▶ WHAT YOU NEED TO DO:
Could you restate word for word every line from the one containing "a bedroom with" to the end of the data below, pictures excluded?
******************************
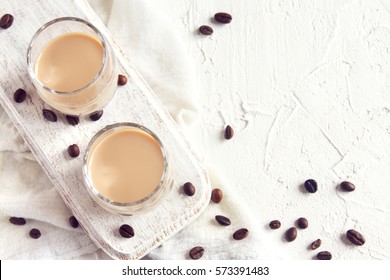 Irish Cream Coffee Liqueur And Coffee Beans Over White Wooden Background - Homemade Festive Alcoholic Drink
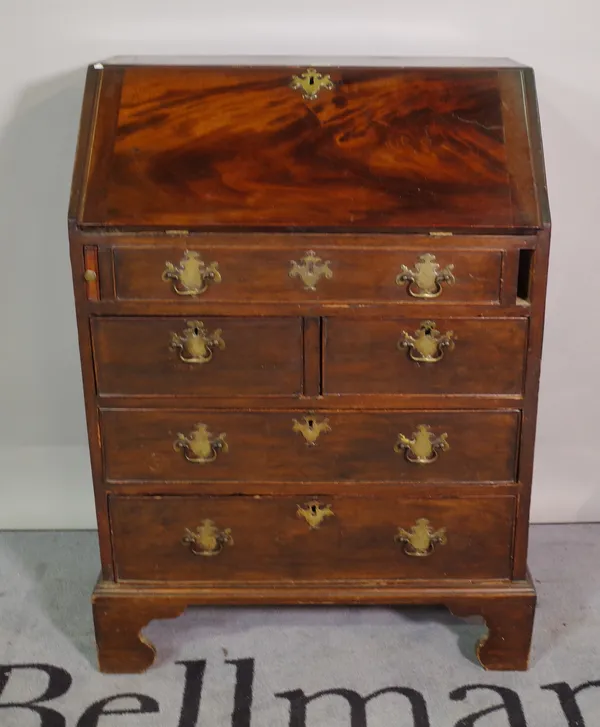 A 19th century mahogany bureau with two short and two long drawers on bracket feet, 70cm wide x 97cm high.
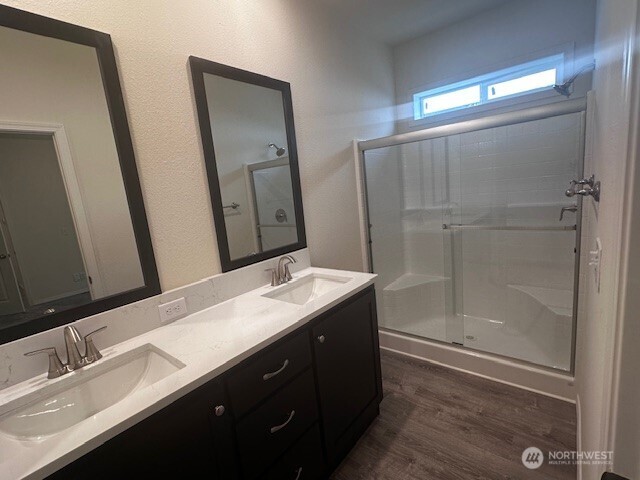 2101 South 324th Street, Unit 188 Federal Way, WA 98003 - Photo 8 of 10 a bathroom with a granite countertop sink mirror and double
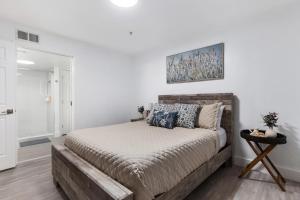 a bedroom with a large bed in a white room at UF Apartment on Archer Road Near Shands & VA ! in Gainesville
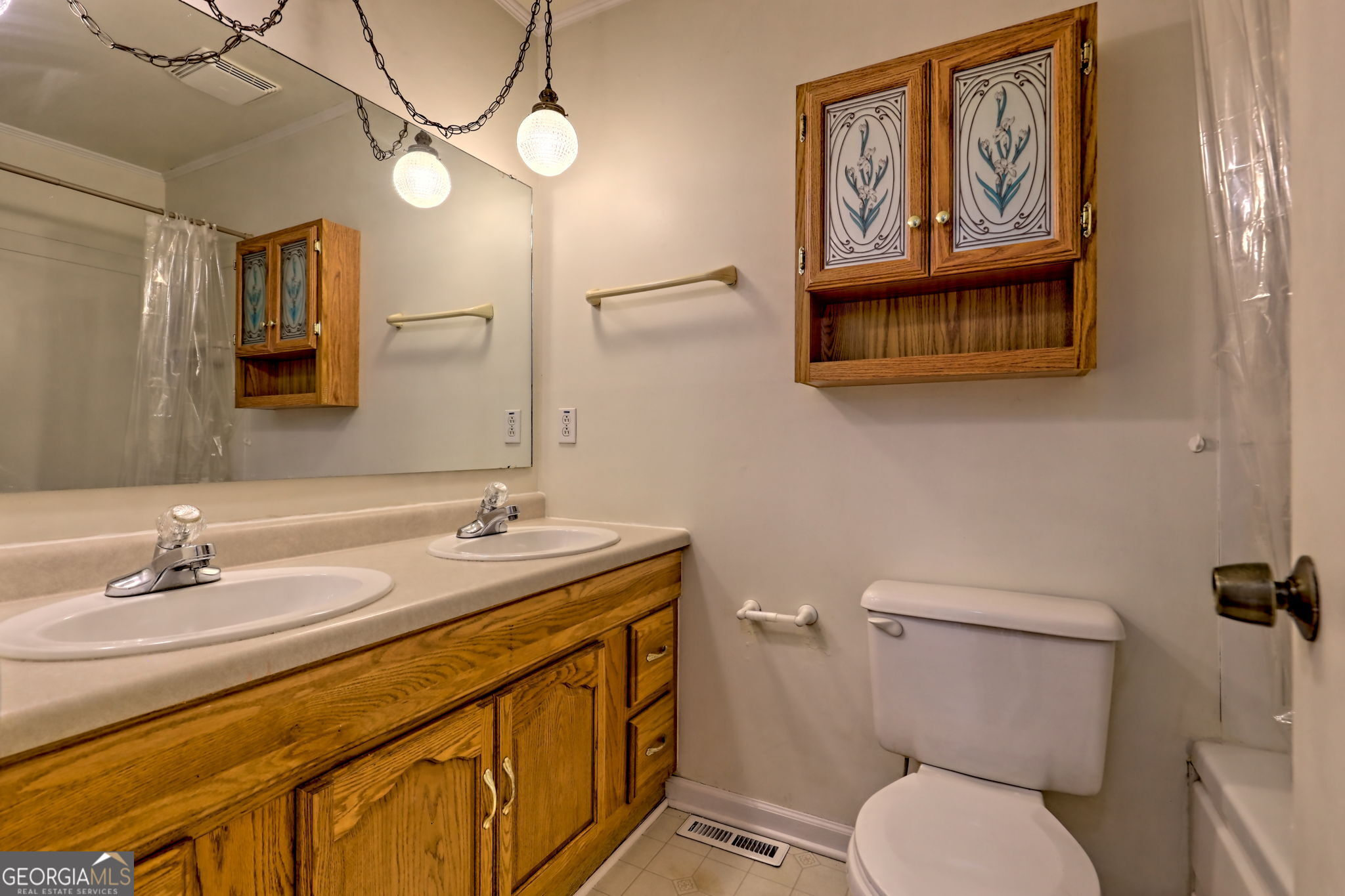 588 Estatohe Circle Toccoa, GA 30577 - Photo 35 of 71 a bathroom with a toilet a sink and mirror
******************************
▶ RESULT:
 a bedroom with a large bed in a white room at UF Apartment on Archer Road Near Shands & VA ! in Gainesville
 588 Estatohe Circle Toccoa, GA 30577 - Photo 35 of 71 a bathroom with a toilet a sink and mirror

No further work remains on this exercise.